▶ **Task to carry out**: From the records below, output exactly the lines starting at the line with "Vienna Austria Famous" and ending at the line with "French Country Collections: French", both of them included, but no pictures.

▶ **Records supplied**:
***
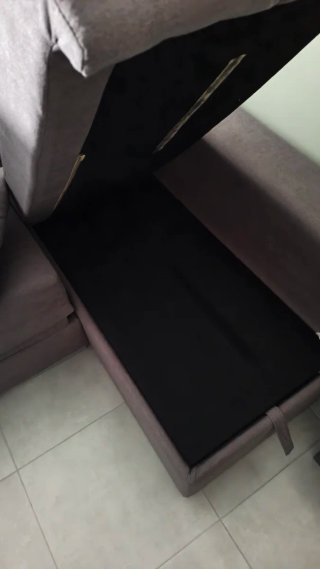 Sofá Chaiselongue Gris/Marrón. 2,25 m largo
***
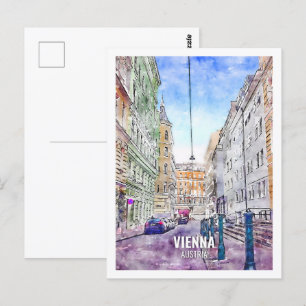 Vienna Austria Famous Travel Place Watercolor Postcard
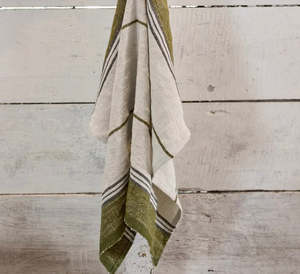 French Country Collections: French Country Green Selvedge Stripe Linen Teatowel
***
▶ **Completed exercise**:
 Vienna Austria Famous Travel Place Watercolor Postcard
 French Country Collections: French Country Green Selvedge Stripe Linen Teatowel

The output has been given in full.